Young Miles, an actor with the theatre collective, works on the farm of
Morgan and Angus, who are in their 50s, and records scenes from their
daily lives, scenes that then enter the next day’s rehearsals.
“We’re here to get your history and give it back to you,” Miles
explains naively. Morgan’s initial tales to Miles about farm life are
obviously lies (such as his claim that unproductive milk cows are
slaughtered for beef, and that the apparently placid cows sense the
pressure to produce) and seem merely amusing at first but become vital
elements of theme. For it happens that Morgan also lies to Angus, his
lifelong friend, about the conditions under which Angus suffered
cognitive impairment during World War II and about how both lost their
English fiancées.

In performing Morgan and Angus’s relationship, Miles overcomes
Angus’s impairment and Morgan’s mendacity, having struggled with the
potentially tragic consequences of appropriation of voice.
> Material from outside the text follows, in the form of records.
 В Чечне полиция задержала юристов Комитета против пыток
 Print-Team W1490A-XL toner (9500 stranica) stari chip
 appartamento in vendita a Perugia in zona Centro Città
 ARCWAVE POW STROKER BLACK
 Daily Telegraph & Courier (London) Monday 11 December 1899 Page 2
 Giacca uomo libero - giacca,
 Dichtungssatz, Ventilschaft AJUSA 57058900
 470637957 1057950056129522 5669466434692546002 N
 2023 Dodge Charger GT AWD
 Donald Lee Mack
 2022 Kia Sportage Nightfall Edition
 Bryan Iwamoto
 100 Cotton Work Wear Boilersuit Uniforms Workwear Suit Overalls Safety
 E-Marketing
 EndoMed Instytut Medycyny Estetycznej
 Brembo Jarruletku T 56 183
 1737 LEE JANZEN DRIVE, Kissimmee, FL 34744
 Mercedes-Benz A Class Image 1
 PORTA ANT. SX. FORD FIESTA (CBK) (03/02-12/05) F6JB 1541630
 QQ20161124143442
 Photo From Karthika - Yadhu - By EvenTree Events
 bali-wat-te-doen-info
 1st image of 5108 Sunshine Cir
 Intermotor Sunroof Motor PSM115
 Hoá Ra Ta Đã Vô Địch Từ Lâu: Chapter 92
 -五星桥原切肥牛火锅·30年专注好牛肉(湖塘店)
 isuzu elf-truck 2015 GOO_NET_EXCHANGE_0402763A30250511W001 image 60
And Miles
simultaneously loses his own ability to perform the story for profit.
The two farmers and Miles rehearse the deep losses in the farmers’
lives against the backdrop of farming’s physical, psychical, and
financial hardship in a story that could be ponderous but
instead—because it is a story lovingly told—becomes a tribute to
stories lovingly told.

Citation

Healey, Michael., “The Drawer Boy,” Canadian Book Review Annual Online, accessed October 13, 2024, https://cbra.library.utoronto.ca/items/show/713.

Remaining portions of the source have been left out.